#### AVAILABLE DATA

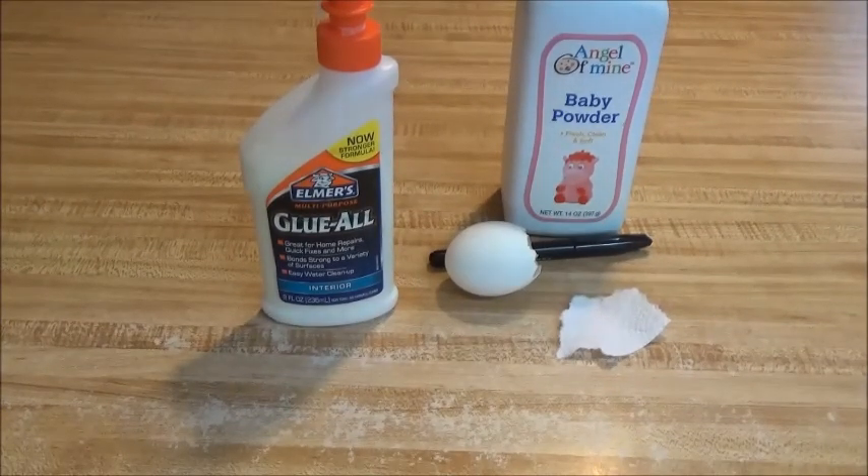Hello everybody, MK510 here, and today I'm here with a trashy tripod again. I'm working on it. And today I'm doing a couple how-to Halloween videos.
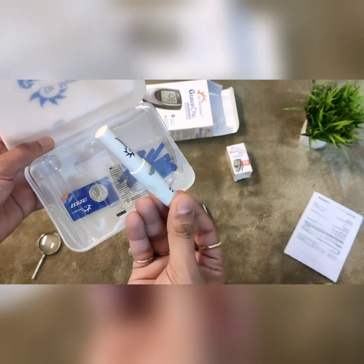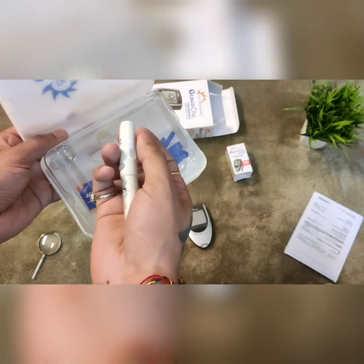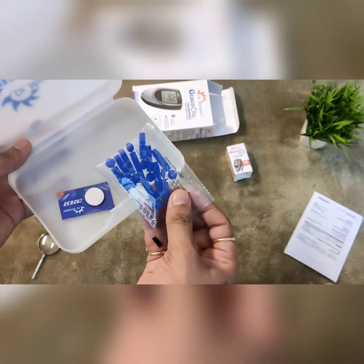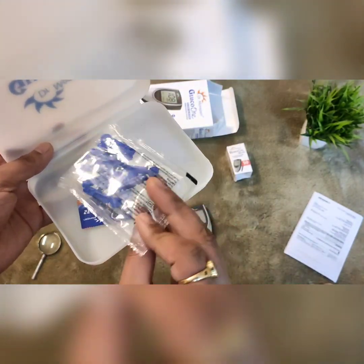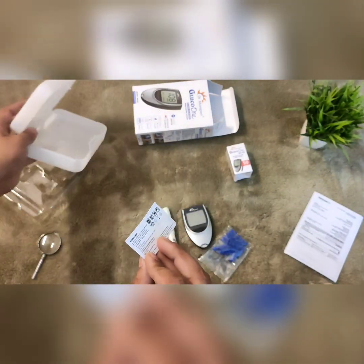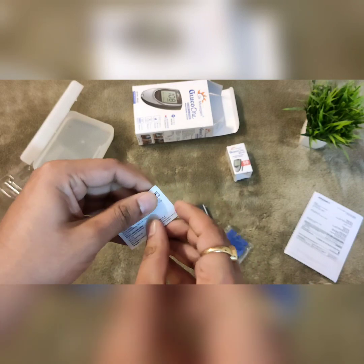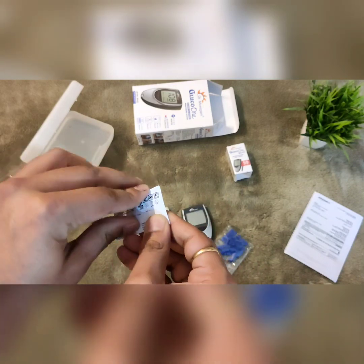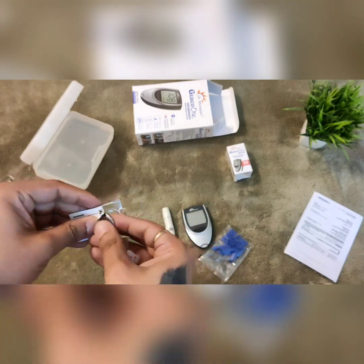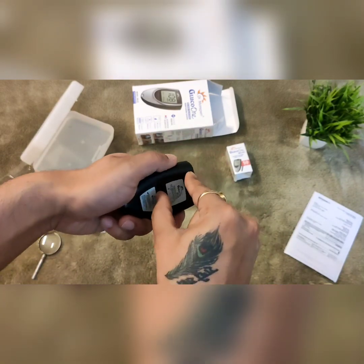This is the lancing device, and this is the lancet. We have also received a cell which we will use for the gluco meter. Here we are going to insert the cell.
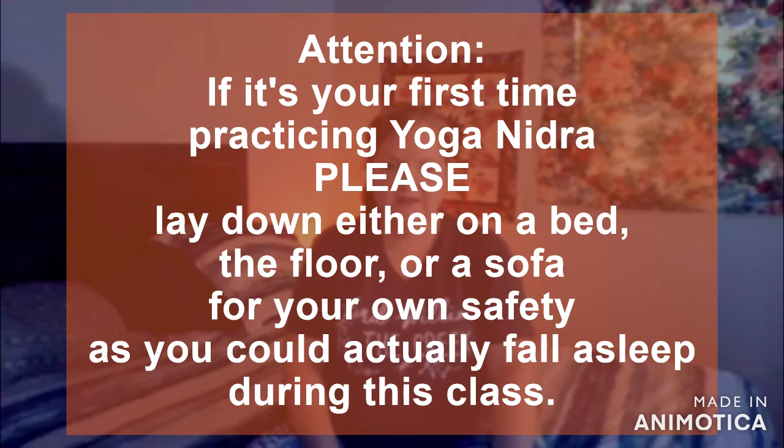This is going to be a yoga nidra class, which is basically yoga sleep. All you're going to need for this class are pillows and blankets and a comfortable place to either lay or sit down. If it is your first time practicing yoga nidra, I am going to suggest that you are laying down either on the bed, on the floor, or on the sofa. I want you to be comfortable but I also want you to be safe. Without further ado, we're going to go ahead and start this class.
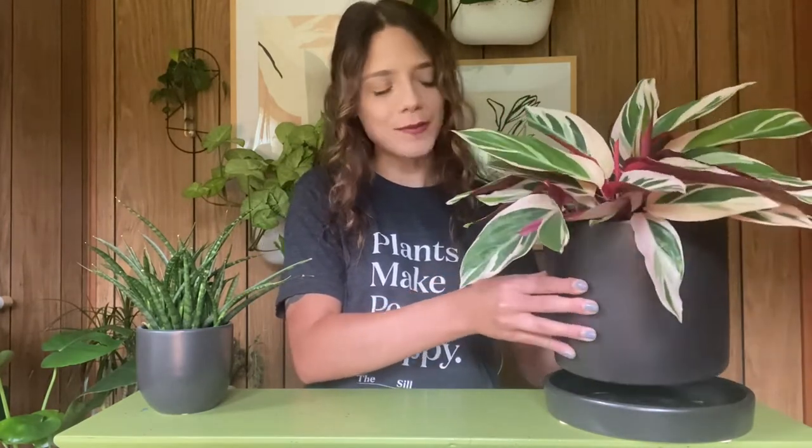Hi plant subscribers! My name is Paris and I am the plant education coordinator here at the Sill, and today I wanted to share some plant care and fun facts on your new stromanthe tricolor that you received for this month's plant subscription.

########

**DESCRIPTION OF THE TASK**.
Output nothing but an exact retyping of the material, pictures excluded.

**PROBLEM SOLUTION**.
Hello everybody, MK510 here, and today I'm here with a trashy tripod again. I'm working on it. And today I'm doing a couple how-to Halloween videos.
This is the lancing device, and this is the lancet. We have also received a cell which we will use for the gluco meter. Here we are going to insert the cell.
This is going to be a yoga nidra class, which is basically yoga sleep. All you're going to need for this class are pillows and blankets and a comfortable place to either lay or sit down. If it is your first time practicing yoga nidra, I am going to suggest that you are laying down either on the bed, on the floor, or on the sofa. I want you to be comfortable but I also want you to be safe. Without further ado, we're going to go ahead and start this class.
Hi plant subscribers! My name is Paris and I am the plant education coordinator here at the Sill, and today I wanted to share some plant care and fun facts on your new stromanthe tricolor that you received for this month's plant subscription.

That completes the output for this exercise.